My new haircut has already grown out about an inch or more. I can't believe it! And, because I have a REALLY dark natural hair color, the roots are showing REALLY bad. So, I went in today for a trim and a color fix. There were two spots in my hair from the first time getting it lightened that needed to be touched up. I needed one piece of red in a really blond spot and I needed one piece of blond in a really red spot.
While I was in the chair, I told Lucy how much Melon Man really liked my blond hair and that he thinks I still need more. I didn't ask her to add anymore, she just did it. And, oh man, did she ever! This time I DID come out going "what did I do??!?!!?" It was REALLY blond! I'm sure I will get used to it and eventually I'll think it just looks natural that way, but today, I was a little shocked to say the least. But...I guess we'll just have to see if blonds really do have more fun!
Today is Mom's deathiversary. I can't believe it's been a whole five years that she's been gone. Where does the time go? I wonder if she's happy. I wonder what she's doing. I wonder if she misses us. I wonder when she'll be able to visit me again.
This picture was taken two weeks before she died.

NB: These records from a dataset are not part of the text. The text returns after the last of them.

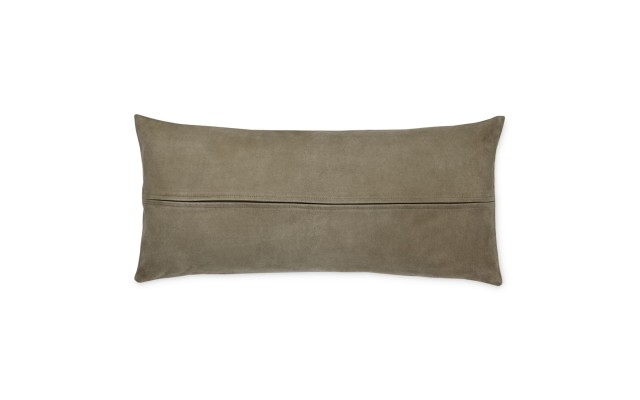 Hugo Boss Suede Decorative Pillow, 10 x 22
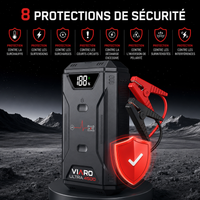 Booster Batterie VIARO ULTRA 4500A 16800mAh USB-C LED pour Voiture et Moto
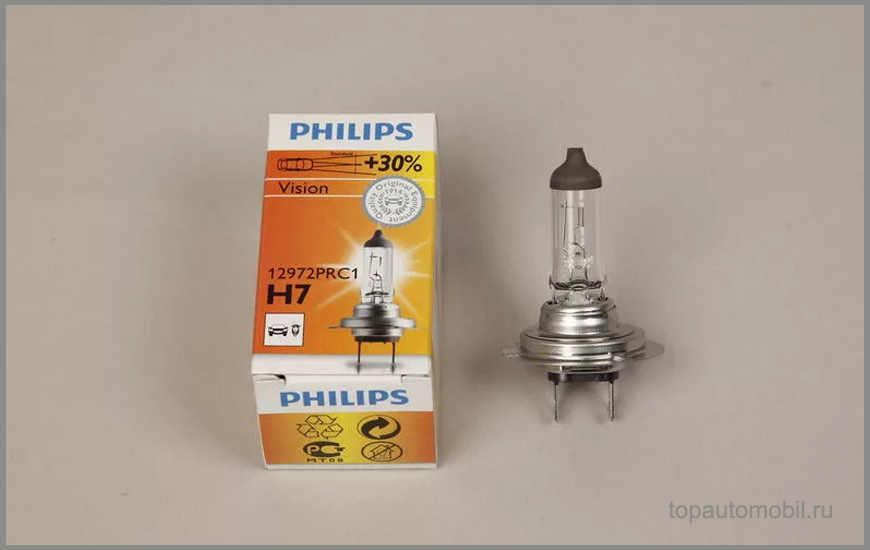 Philips Vision +30% 12972PRC1 H7 12V 55W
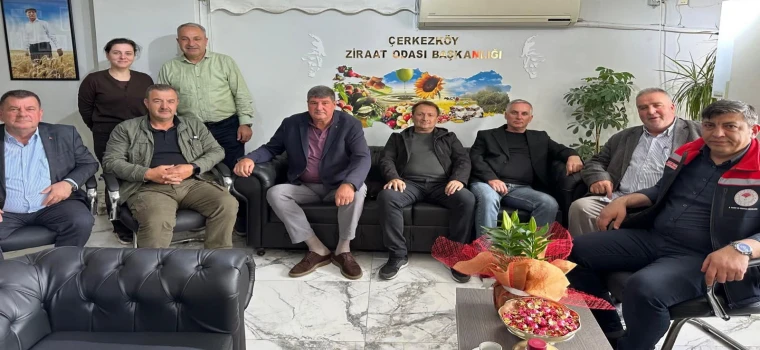ÇOLAKOĞLU’NA KURUM VE STK’LARDAN ÇİFTÇİLER GÜNÜ ZİYARETİ
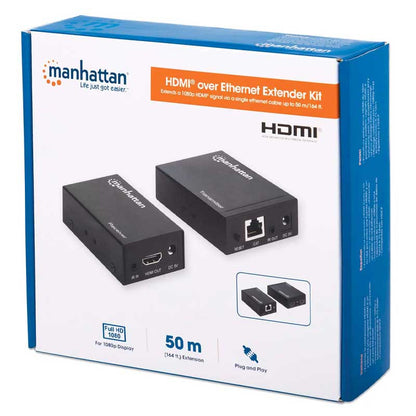Manhattan 1080P HDMI over Ethernet Extender Kit - 207584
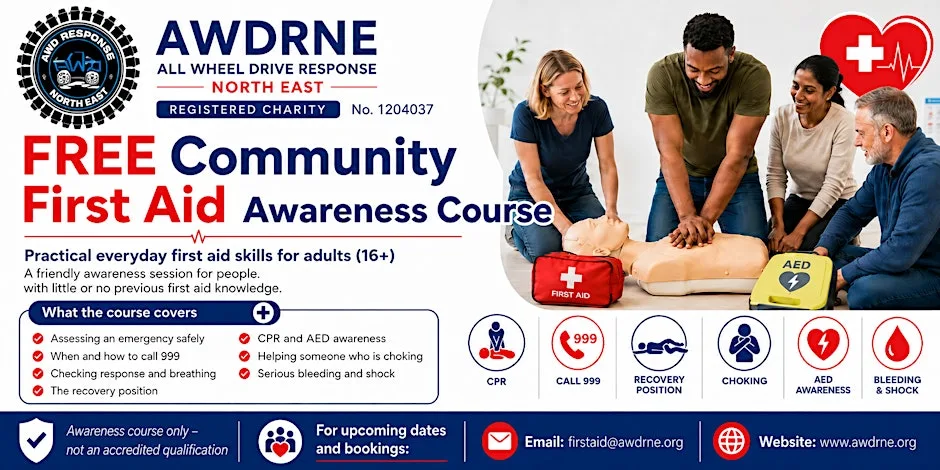 Community First Aid Awareness Course at North Shields Library
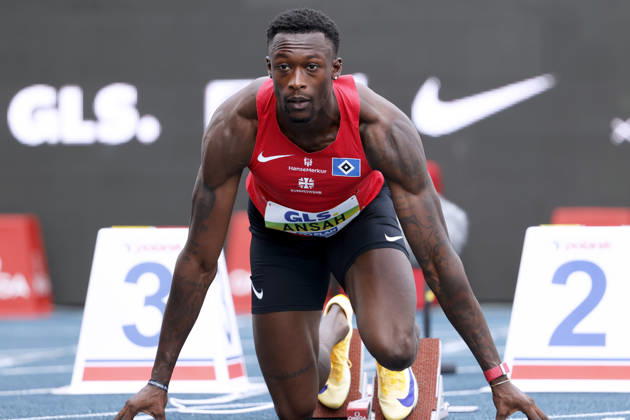Athletics: NADA proposes a four-year ban for sprinter Owen Ansah, archive photos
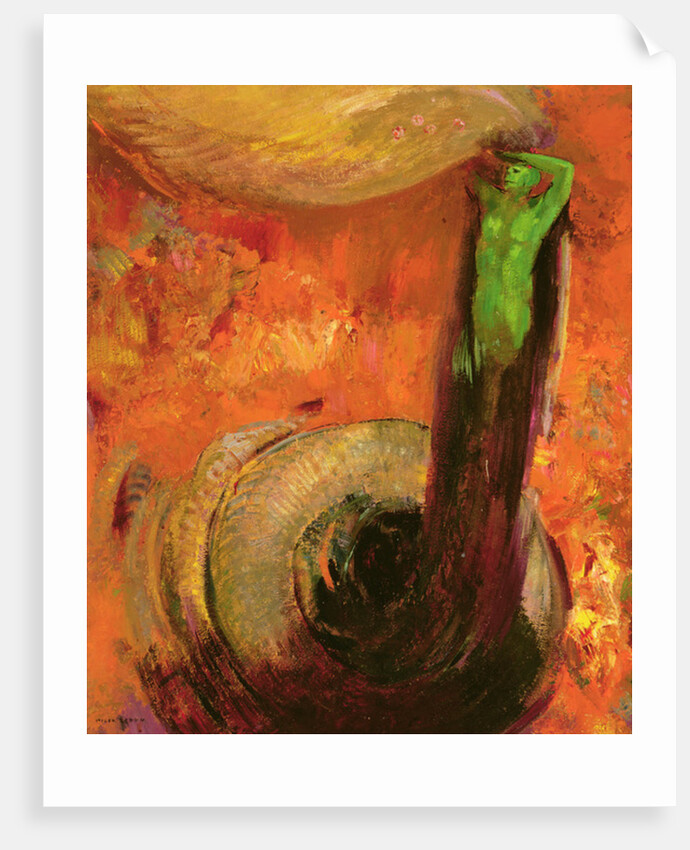 Green Death, c.1905 by Odilon Redon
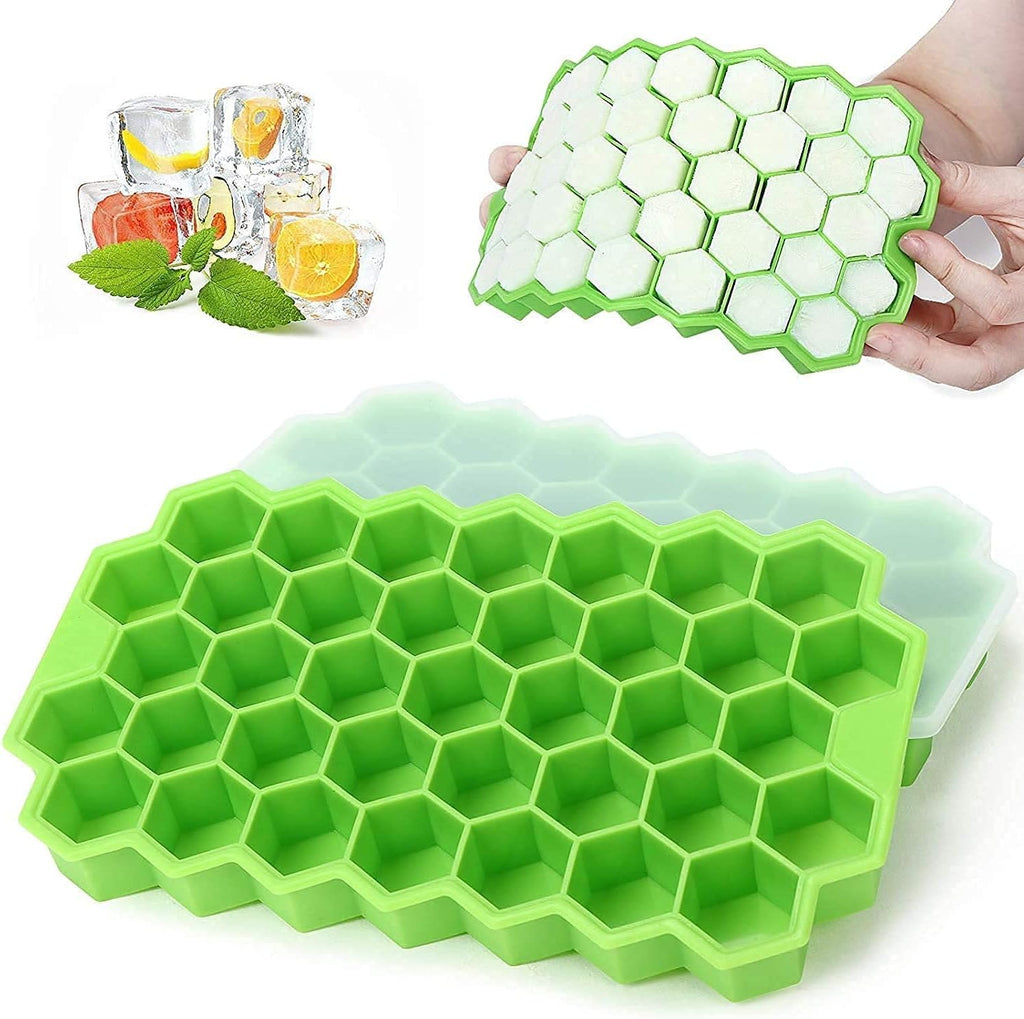 Premium Silicone Ice Cube Tray – Flexible Freezer Mold, 24 Cavities (BPA‑Free)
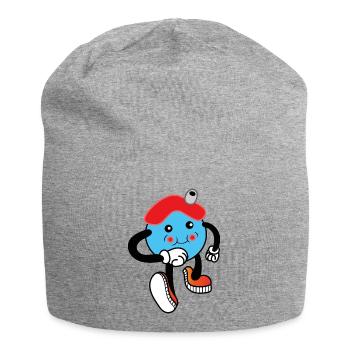 Bubble boy house - Bonnet en jersey - gris chiné - Devant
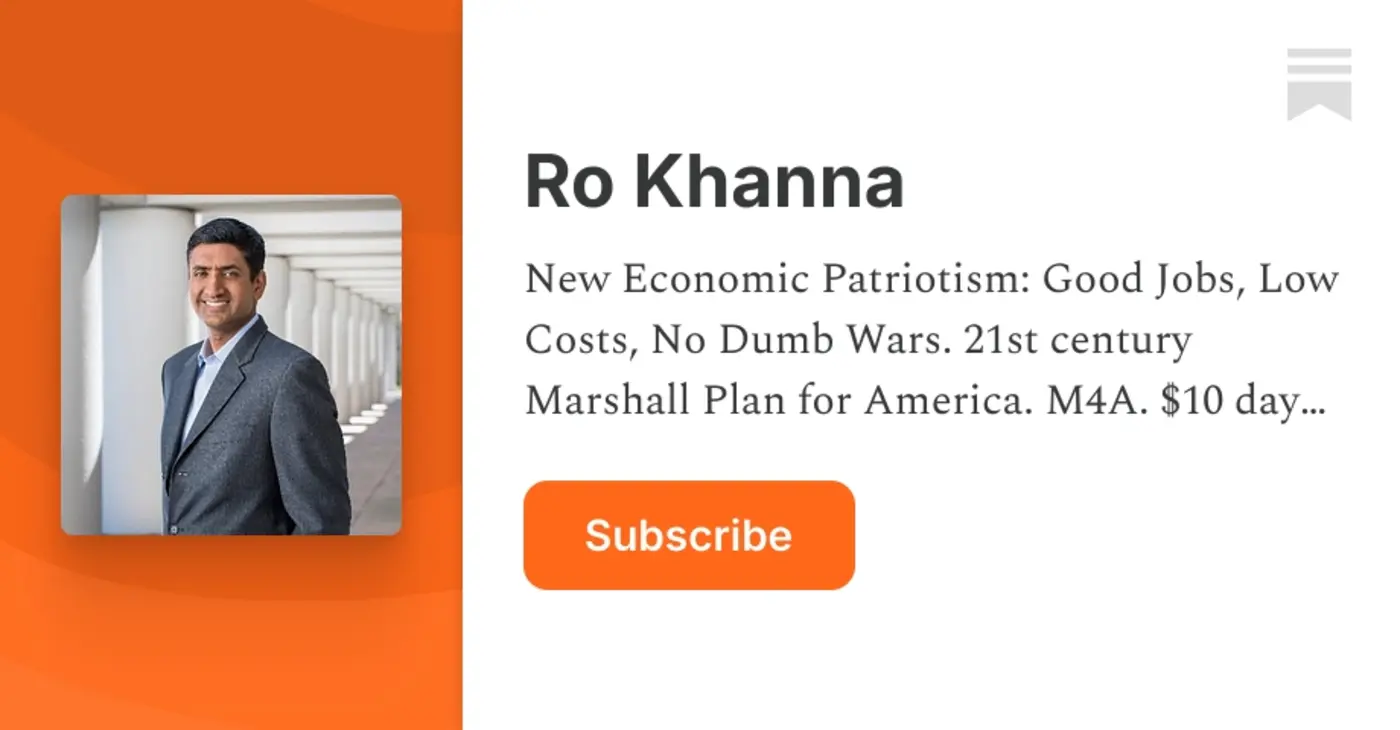 now at 50m ro khanna quotwhy i support a billionaire wealth taxquot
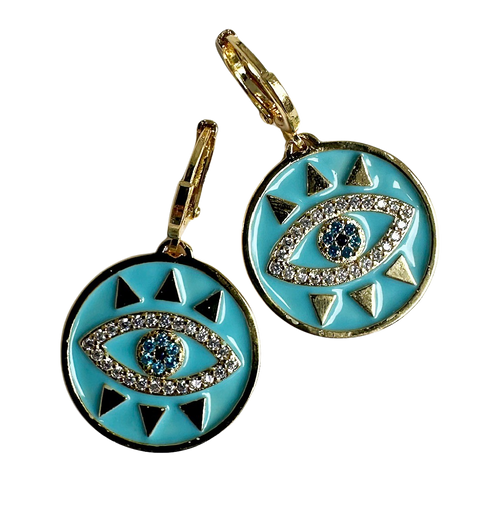 Enemma Evil Eye Earrings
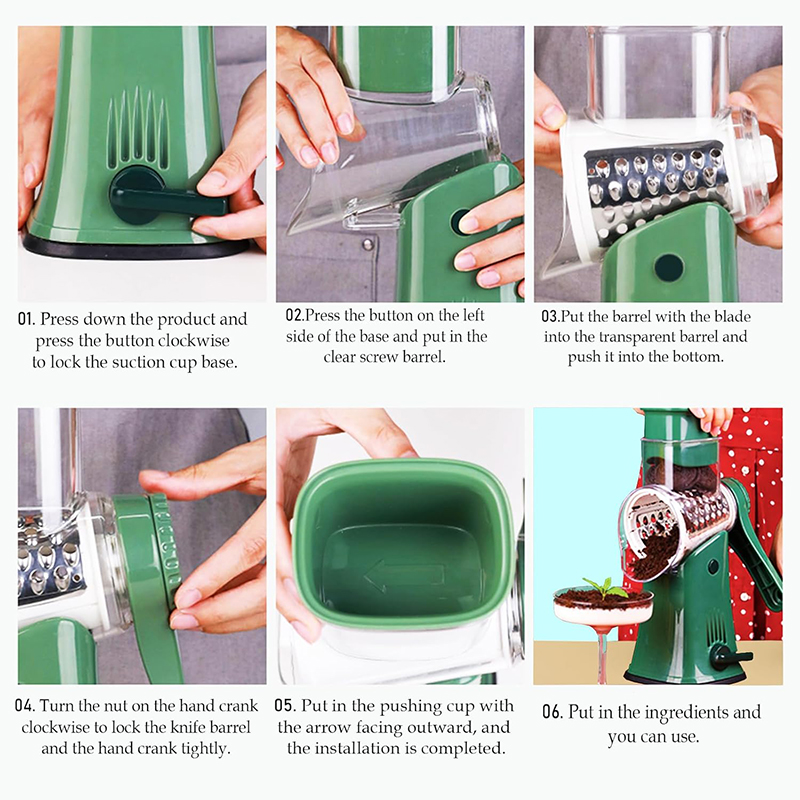 LMETJMA 5 in 1 ロータリーチーズおろし金シュレ - Mandoline Slicer のレビューと価格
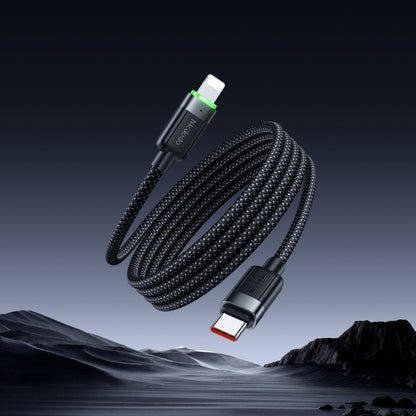 USB-C - Lightning McDodo CA-2010 Självlindande data- och laddningskabel, 36W, 1.2m, Svart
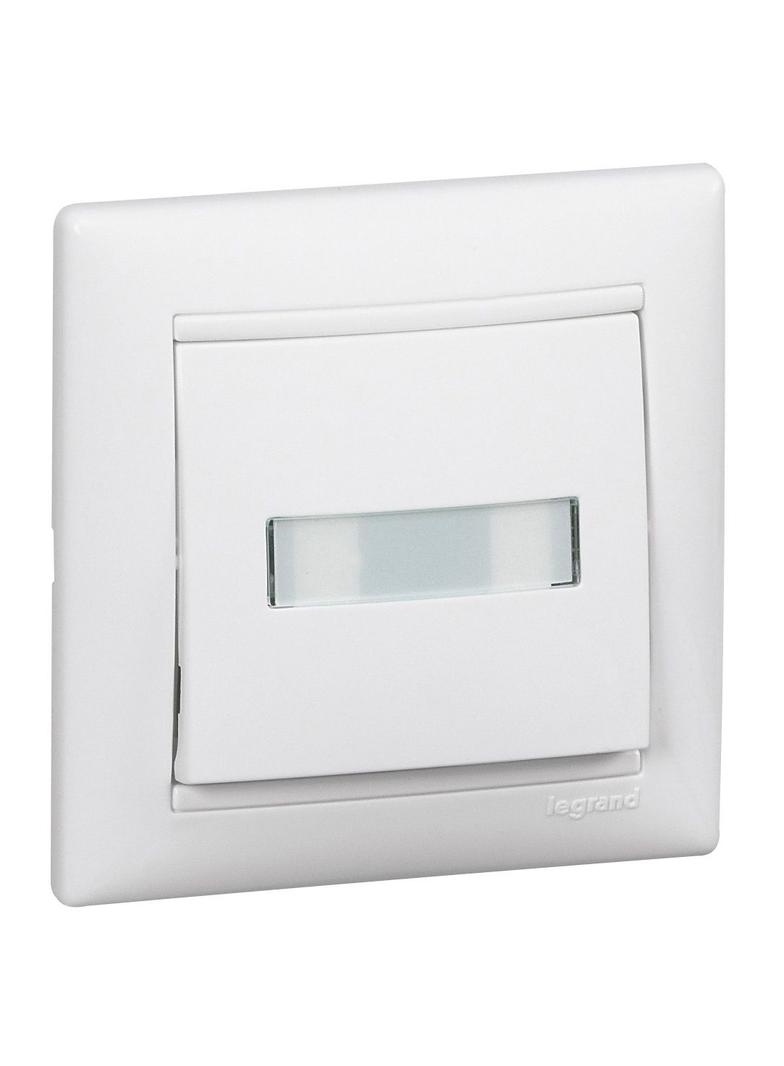 VALENA PRZYCISK JEDNOBIEGUNOWY 12V PODŚWIETLANY Z ETYKIETĄ 10A-250V~, Legrand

She and Dad had come to Arizona to visit me. We decided to take a drive up to Sedona a couple of days before they left to go home. None of us had explored the area before. I don't know why she didn't smile in this picture. In fact, I looked through all of the pictures I have of just her from this day and there isn't one where she was smiling. Was she in so much pain that she just didn't feel like smiling? I don't know. But, looking back, I now wonder. Looking back, I wonder if she knew it wouldn't be much longer for her. Looking back, I wonder if she was finally just giving up on life and if she was ready to go and was just glad to be able to come see me one last time.
Things have changed so much in our family in the last 5 years - and not for the better. I've come to realize just how much my mom was the glue in our family. There have been times in the years she was alive that there were problems between siblings and somehow she was always able to help smooth things over. Without her here, the problems just stay the same and nothing gets resolved. There is tension. There is anger. There are hurt feelings. And there is division. Our dad draws farther and farther away from us. He doesn't understand how to function without her. We all want to help him but he wants nothing to do with our ideas. He expects all of us to come to him when he is the one who is retired and has more free time than we do. It's all just so frustrating. She would be so upset if she were here. This is not how she would want her family to be. I feel an obligation to try to stand in her place at times being the oldest. But, it's so hard when I'm so far away. I wish I could have the best of both worlds, but I can't. My life is here in Arizona.
Why, oh why, Mom, did you have to leave us?